What if Hermione had come up with a plan other than a long-term camping trip for book 7?
By Dr T
Chapter I – the Escape
Major characters and canon owned and operated by She-Who-Must-Be-Named and her minions. I just play in her sand box and rearrange the piles.
The conceit: Canon up to the Trio's escape to Grimmauld Place. There, Hermione had the presence of mind to pack away the Black Library for future reference. The Trio also picked up some odds and ends, including a Wizarding Wireless, where, while they are living in the tent, they heard about the Taboo on Voldemort's name and listen in to ‘the Voice of the Resistance’ and other such broadcasts.
Ron angrily leaves in mid-autumn, as he could not see that they were doing anything worthwhile, and neither Harry nor Hermione (which was worse) were interested in abandoning the seemingly eternal camping trip and consult with Bill or anyone else. This left Harry and Hermione a bit at loose-ends for some weeks, although Harry still wanted to visit Godric's Hallow. To get over Ron's leaving, Hermione went into 'research-mode' in the black Library and found a spell which would demonstrate if an object is ensoulled. The locket of course demonstrated a strong reaction, but to their surprise, so did Harry's scar. This obviously diverted Harry's attention from Godric's Hallow, and the pair realized that 1) they needed serious help; and 2) there was really no way to get that help in Britain. They needed to escape Britain, but to where? They needed someplace where Voldemort's forces should not easily reach them (which left out Europe) or where they would not be sent back.

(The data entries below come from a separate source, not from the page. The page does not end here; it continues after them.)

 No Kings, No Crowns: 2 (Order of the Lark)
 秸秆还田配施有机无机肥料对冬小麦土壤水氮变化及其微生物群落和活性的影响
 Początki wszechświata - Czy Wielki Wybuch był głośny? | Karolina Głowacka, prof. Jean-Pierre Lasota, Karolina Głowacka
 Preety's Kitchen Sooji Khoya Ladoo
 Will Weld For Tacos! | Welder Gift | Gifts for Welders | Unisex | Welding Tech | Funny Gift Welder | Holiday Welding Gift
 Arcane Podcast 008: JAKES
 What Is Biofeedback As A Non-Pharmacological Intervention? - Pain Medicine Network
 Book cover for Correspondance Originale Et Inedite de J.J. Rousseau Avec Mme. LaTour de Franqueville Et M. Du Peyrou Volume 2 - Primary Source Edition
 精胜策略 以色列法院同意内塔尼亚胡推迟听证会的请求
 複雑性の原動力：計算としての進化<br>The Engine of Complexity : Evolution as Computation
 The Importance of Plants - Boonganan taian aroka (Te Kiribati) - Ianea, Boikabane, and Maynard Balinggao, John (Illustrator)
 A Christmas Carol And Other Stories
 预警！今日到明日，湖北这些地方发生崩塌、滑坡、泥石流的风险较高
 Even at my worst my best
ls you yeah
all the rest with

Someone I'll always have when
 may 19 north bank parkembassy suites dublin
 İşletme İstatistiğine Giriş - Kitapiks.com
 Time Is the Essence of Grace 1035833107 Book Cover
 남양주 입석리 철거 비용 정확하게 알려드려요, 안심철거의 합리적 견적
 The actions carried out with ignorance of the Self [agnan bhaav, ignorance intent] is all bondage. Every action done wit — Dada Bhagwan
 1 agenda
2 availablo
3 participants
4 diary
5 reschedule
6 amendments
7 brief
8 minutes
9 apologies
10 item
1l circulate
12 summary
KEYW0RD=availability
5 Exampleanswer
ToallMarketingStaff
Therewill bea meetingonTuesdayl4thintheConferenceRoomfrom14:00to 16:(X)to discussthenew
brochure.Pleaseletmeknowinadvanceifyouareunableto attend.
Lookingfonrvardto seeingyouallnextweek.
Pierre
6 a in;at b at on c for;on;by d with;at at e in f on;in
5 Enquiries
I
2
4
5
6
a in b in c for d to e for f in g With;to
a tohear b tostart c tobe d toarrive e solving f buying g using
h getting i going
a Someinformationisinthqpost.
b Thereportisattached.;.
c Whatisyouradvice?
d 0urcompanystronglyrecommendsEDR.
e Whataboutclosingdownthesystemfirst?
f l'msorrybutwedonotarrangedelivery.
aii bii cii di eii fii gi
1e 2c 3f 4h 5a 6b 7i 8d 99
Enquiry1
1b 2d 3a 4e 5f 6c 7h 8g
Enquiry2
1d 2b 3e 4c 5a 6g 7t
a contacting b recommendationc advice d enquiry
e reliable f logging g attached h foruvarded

They would also need to be able to reach any destination without being detected as they left. Some experimentation showed that they could safely hide inside their tent, even if the tent was packed away (the inside stayed the same dimensions even if the outside was folded). The tent could also be safely transfigured. However, Hermione could not apparate to inside the tent (although she could apparate out). Harry, however, found that he could do both, especially when Hermione was inside the tent.
Hermione therefore taught Harry to transfigure the tent into a chocolate frog card, which he then added to some cards which Ron had taken from Grimmauld Place and left behind. Harry then put the cards into a box, wrapped it, and mailed it off via Muggle post to the one place in North America where Hermione hoped they would get help. The other chocolate frog cards surrounding the transfigured tent, each slightly magical, would hopefully mask the magic given off by the tent should anyone be checking packages for magic, either leaving the UK or going into the United States. The volume of early Christmas mail, they hoped, would also help disguise their unorthodox travel. After affixing the postage Hermione had calculated was needed, Harry dropped the package into the post, and apparated into the tent, suffering a minor splinching on arrival, which Hermione was able to correct as his missing fingers had appeared a few inches away from him, rather than back at the post box.
The pair now had to wait and hope, with Hermione buried in more research, and Harry mostly worrying (note: the biography of Dumbledore was not available for them yet).
Friday, December 20, 1997
Santa Clara County, outside of San Jose, California
When he arrived at work, Sean Packer was hoping for a normal day, but then, that was what he hoped for every day. Generally, he got what he wanted.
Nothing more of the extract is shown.